[Exercise details]:
Each entry below is to be transcribed exactly; pictures are not copied.

[Recorded information]:
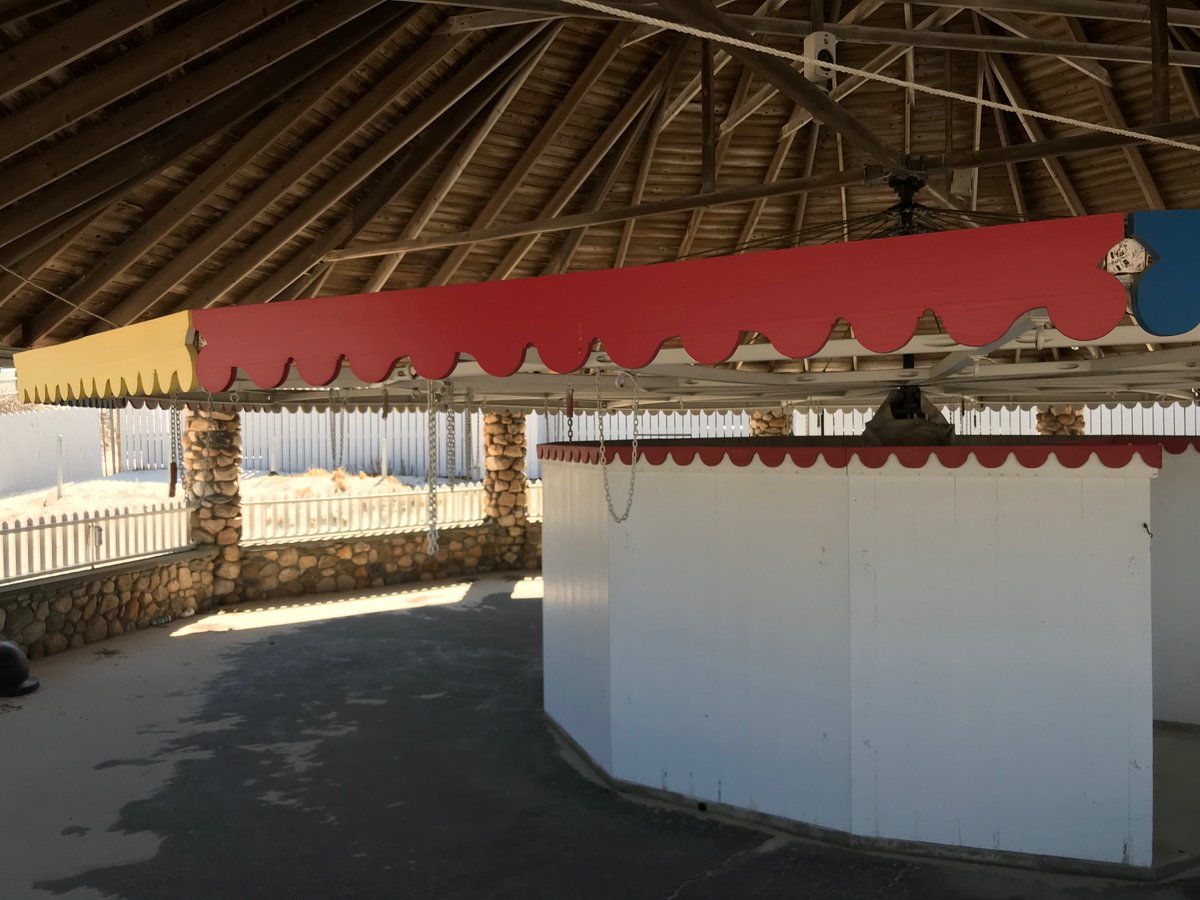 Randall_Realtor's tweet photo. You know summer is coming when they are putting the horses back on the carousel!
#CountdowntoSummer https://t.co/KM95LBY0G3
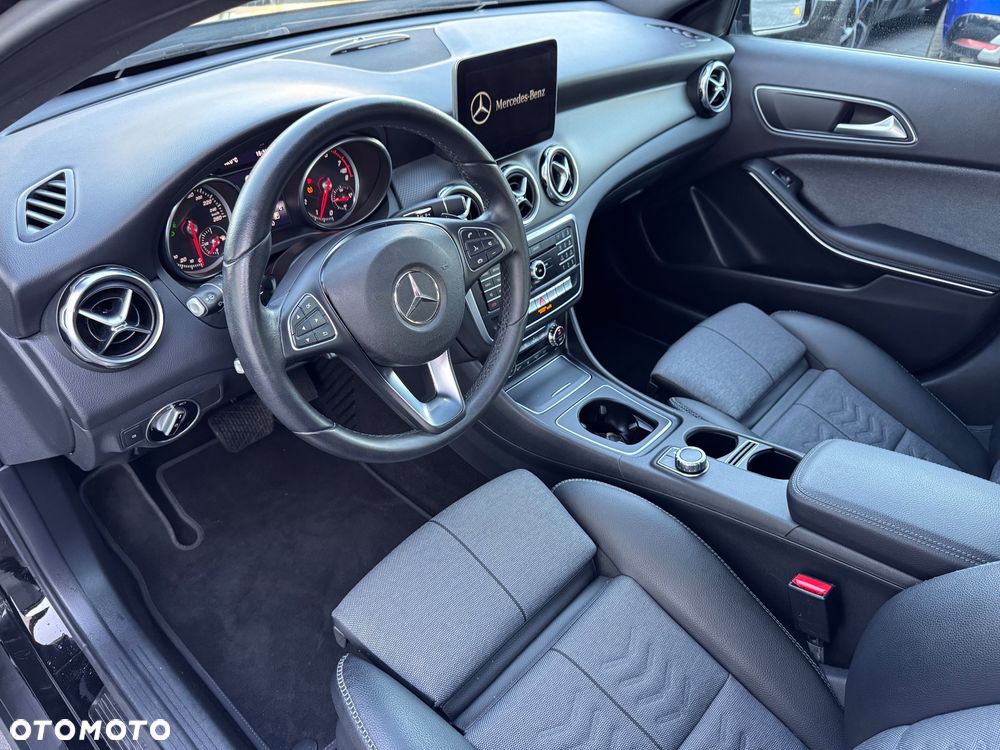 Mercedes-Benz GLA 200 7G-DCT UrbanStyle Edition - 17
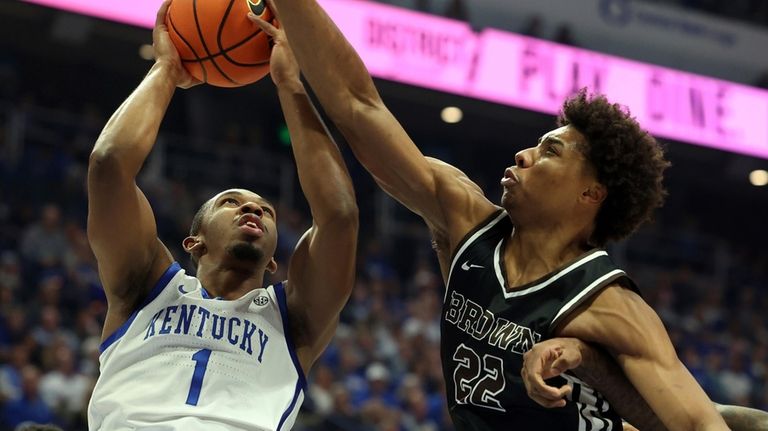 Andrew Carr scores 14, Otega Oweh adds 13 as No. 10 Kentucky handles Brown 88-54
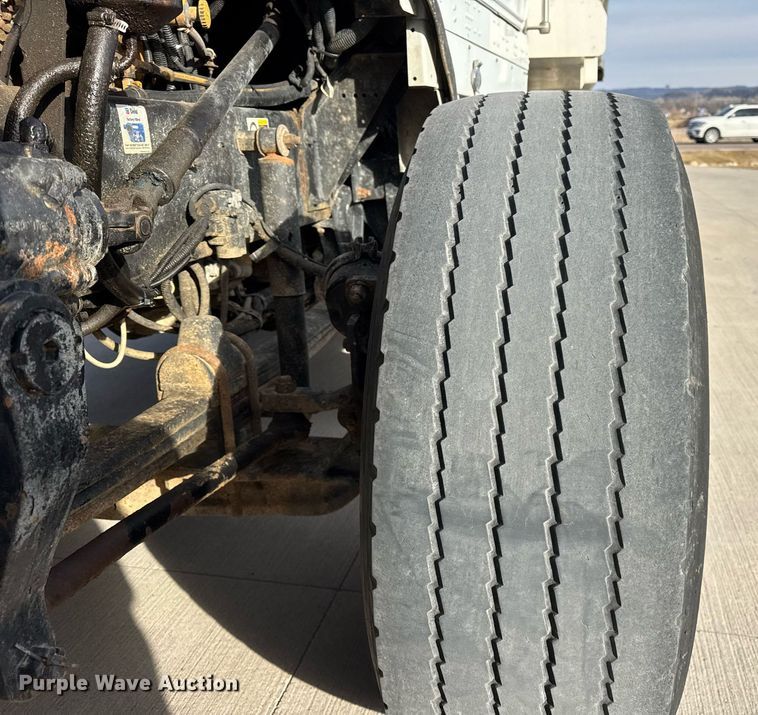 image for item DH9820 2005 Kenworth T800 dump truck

[Solution for this task]:
 Randall_Realtor's tweet photo. You know summer is coming when they are putting the horses back on the carousel!
#CountdowntoSummer https://t.co/KM95LBY0G3
 Mercedes-Benz GLA 200 7G-DCT UrbanStyle Edition - 17
 Andrew Carr scores 14, Otega Oweh adds 13 as No. 10 Kentucky handles Brown 88-54
 image for item DH9820 2005 Kenworth T800 dump truck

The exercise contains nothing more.